Alkhatib was born in Saudi Arabia, where his father worked as a United Nations physician. He and his family returned to Gaza in 2000, and his father began working at the Jabalia refugee camp. Alkhatib's family was devoutly Muslim. As a child, Alkhatib hoped to become a politician or diplomat. At age 11, Alkhatib was caught in an Israeli airstrike, which killed three of his friends and left him with permanent hearing loss in his left ear.

Alkhatib left Gaza in 2005, at the age of 15, for a one-year-long cultural exchange program, part of the U.S. Department of State-sponsored Youth Exchange and Study Program. He spent the year in Pacifica, California, where he learned meditation from his host mother, a Buddhist and retired social worker.
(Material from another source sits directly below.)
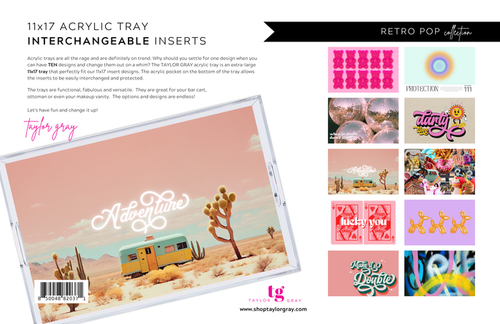 Retro Pop Acrylic Tray Inserts Set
He also attended sessions with Living Room Dialogue, a Jewish-Palestinian group based in San Mateo, marking the first time he had spoken to Jews or Israelis.

Upon completing the program in 2006, Alkhatib attempted to return to Gaza via Egypt but was unable to do so. The abduction of an Israeli soldier had resulted in the closure of the Rafah border between Gaza and Egypt. Alkhatib remained in Egypt for months without being able to enter Gaza. He applied for and received political asylum in the U.S., where he finished high school at San Francisco Waldorf High School and went on to City College and the University of San Francisco, where he studied marketing and became interested in social entrepreneurship. In 2023, he earned a master's degree in intelligence studies at American Military University.

== Career==
Alkhatib has published work in The Atlantic, The Forward, Haaretz, Newsweek, The Times of Israel, The Jewish Chronicle, The Wall Street Journal, The New York Times, and The Washington Institute for Near East Policy. Alkhatib is a Nonresident Senior Fellow with the Atlantic Council, and also leads the Council's Realign For Palestine project, which advocates for "nonviolence and the two-nation solution as the only credible, humane path forward for peace between the Palestinian and Israeli people."
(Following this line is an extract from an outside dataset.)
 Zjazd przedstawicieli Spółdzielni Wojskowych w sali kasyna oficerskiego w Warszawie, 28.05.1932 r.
In June 2025, he appeared on an episode of Surrounded by Jubilee Media, titled "Debating Resistance: 20 Protestors vs 1 Palestinian" in which he debated against pro-Palestinian activists, and argued that, in carrying out the October 7 attacks, Hamas was responsible for "dooming Gazans to the hell that Israel has wrought."
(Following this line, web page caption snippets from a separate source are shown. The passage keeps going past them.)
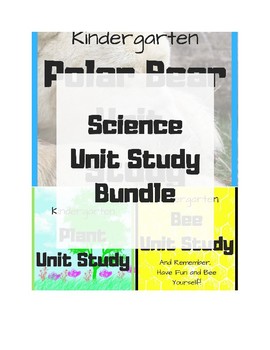 Preview of Plant, Bee, Polar Bear Unit Study Bundle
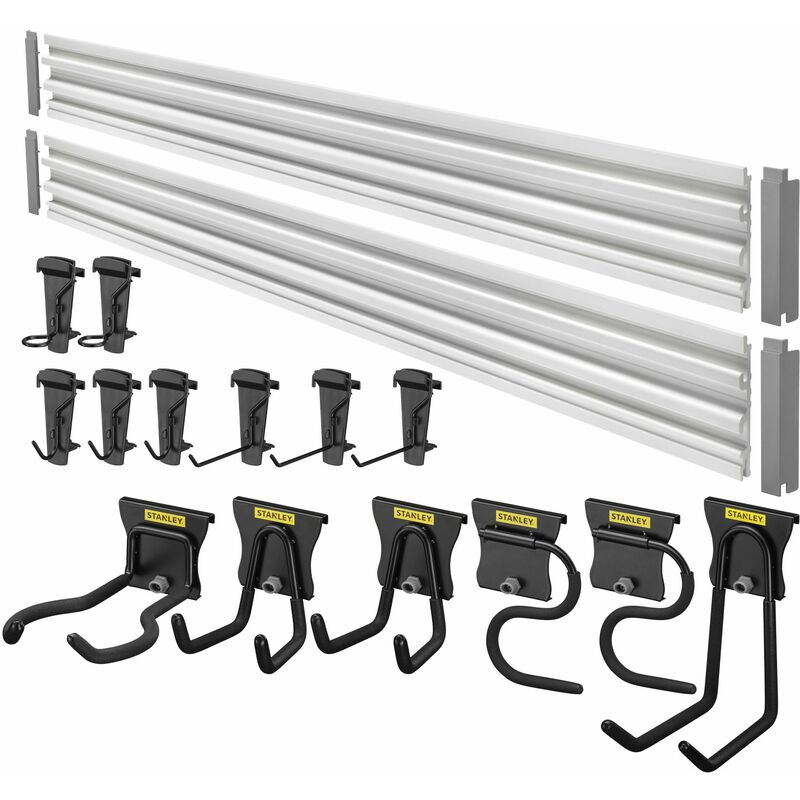 

Stanley ® - Stanley STST22000-1 2 raíles Vesatrack + 18 ganchos variados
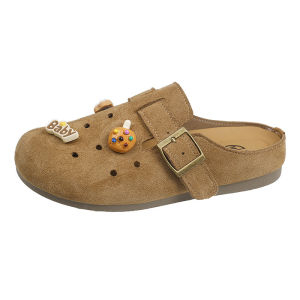 [Free Shipping] Unique Retro Toe-Cap Slippers Versatile For Any Outfit 2026 Spring New Collection Thick-Soled Cute Spring/Summer Clogs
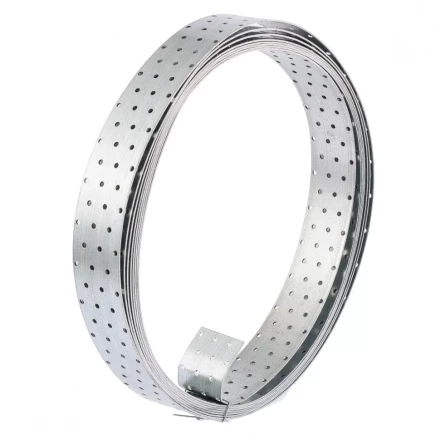 Лента перфорированная монтажная 2 мм LM 6см х 10м отверстие 4,5–5 мм цинк Россия Сибртех 46584 купить в Муравленко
His first book, Hamas and Its Two Million Hostages, was released in July 2026.

==Project Unified Assistance==

Alkhatib has had a lifelong interest in aviation and desire to work in the field, especially during the time when Gaza's international airport was operational. After the destruction of the Gaza airport by Israeli air strikes during the Second Intifada, he was convinced of the need "to play a role in restoring aviation services to the people of Gaza".

== Personal life ==
Alkhatib became a U.S. citizen in 2014, at the age of 24.

=== 2017 Ben Gurion Airport incident ===
In 2017, while attempting to visit his sister and parents in Israel, Alkhatib was deported from Ben Gurion Airport. Although he is a naturalized U.S. citizen and had not traveled to Palestinian territories for over a decade, Israeli authorities claimed that he was a Palestinian with "active citizenship." Later, Alkhatib published details about what took place during the deportation in an op-ed in The Jerusalem Post.

===Gaza war===
Alkhatib has said that 30 of his relatives have been killed during the Gaza war, many of them from Israeli airstrikes. Several relatives, including his uncle Abdullah Shehada, were killed by an Israeli airstrike in 2023.
Alkhatib has vocally opposed Hamas since he was a teenager, and has been highly critical of Hamas's use of civilians as human shields. He has been equally critical of Al Jazeera's coverage of the Gaza War, saying the publication is guilty of spreading Hamas propaganda.